Banks’ Net Forex Sales Hit 14-Month High Amid Trade Tensions
China’s deficit in foreign exchange settlements widened in September to the most in 14 months, reflecting mounting pressures facing the Chinese currency amid trade tensions with the United States.
Chinese banks sold a net $17.6 billion of foreign currencies in September, the most since July 2017, the State Administration of Foreign Exchange (SAFE) said in a statement Thursday. That compared with net sales of $14.9 billion in August.
“Companies are buying more foreign currencies and selling less as the expectation of the yuan’s depreciation grows,” said Wang Youxin, a researcher at the Institute of International Finance of the Bank of China. “Reducing U.S. dollar debt and increasing foreign currency assets are normal market performance.”
Companies have repaid dollar loans in advance, reduced trade financing and suspended export settlements, Wang said.
The effects of Sino-U.S. trade frictions on China’s cross-border capital flows are largely under control, said Wang Chunying, a SAFE spokeswoman. China’s trade, foreign direct investment and cross-border financing held stable in the first three quarters, Wang said.
The yuan has declined 6% against the dollar this year as trade frictions between the world’s two largest economies heated up. Goldman Sachs predicted Wednesday that the Chinese currency may weaken further in the next six months, according to a CNBC report.
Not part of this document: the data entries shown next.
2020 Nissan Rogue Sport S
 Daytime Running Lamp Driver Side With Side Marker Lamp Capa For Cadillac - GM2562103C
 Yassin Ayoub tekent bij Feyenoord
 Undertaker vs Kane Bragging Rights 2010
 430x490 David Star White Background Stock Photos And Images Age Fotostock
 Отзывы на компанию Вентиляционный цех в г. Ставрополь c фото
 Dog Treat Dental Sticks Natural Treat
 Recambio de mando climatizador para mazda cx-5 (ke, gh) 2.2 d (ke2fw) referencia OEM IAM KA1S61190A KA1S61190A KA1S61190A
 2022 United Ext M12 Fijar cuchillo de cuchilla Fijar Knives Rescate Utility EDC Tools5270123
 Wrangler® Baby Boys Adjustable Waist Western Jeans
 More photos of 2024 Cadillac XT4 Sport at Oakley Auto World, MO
The yuan fell just 0.75% against the U.S. dollar in September, signaling that the central bank may have taken moves to defend the yuan, some analysts said. The cost of defending the yuan was also reflected in China’s foreign exchange reserves, which last month fell to the lowest since August 2017.
China's yuan funds outstanding for foreign exchange, an indicator of cross-border capital flow, declined to 119.4 billion yuan ($17.19 billion) in September, falling for the second month, earlier central bank data showed.
Changes in foreign reserves and foreign-exchange purchase positions usually are signals of the central bank’s moves. State-backed big lenders pumped out liquidity in dollars almost every day since September, a trader for a Chinese bank told Caixin.
But other traders said the dollar liquidity increase from banks is not necessarily linked with the central bank, and the central bank’s reintroduction of “countercyclical factor” has mainly helped stabilize the yuan.
The U.S. Treasury Department said last week that China was not a currency manipulator, while it remained “deeply concerned” by the trade imbalance between the two countries.
The yuan traded at 6.9477 per dollar on Thursday, while the offshore yuan was 6.9490, edging close to the psychologically important level of 7 yuan per dollar.
China is expected to achieve balance in international payments, said SAFE’s Wang, adding that China will continue opening up its capital markets in an orderly manner. The regulator will take several measures to stabilize the foreign exchange market, including cracking down on speculation, she said.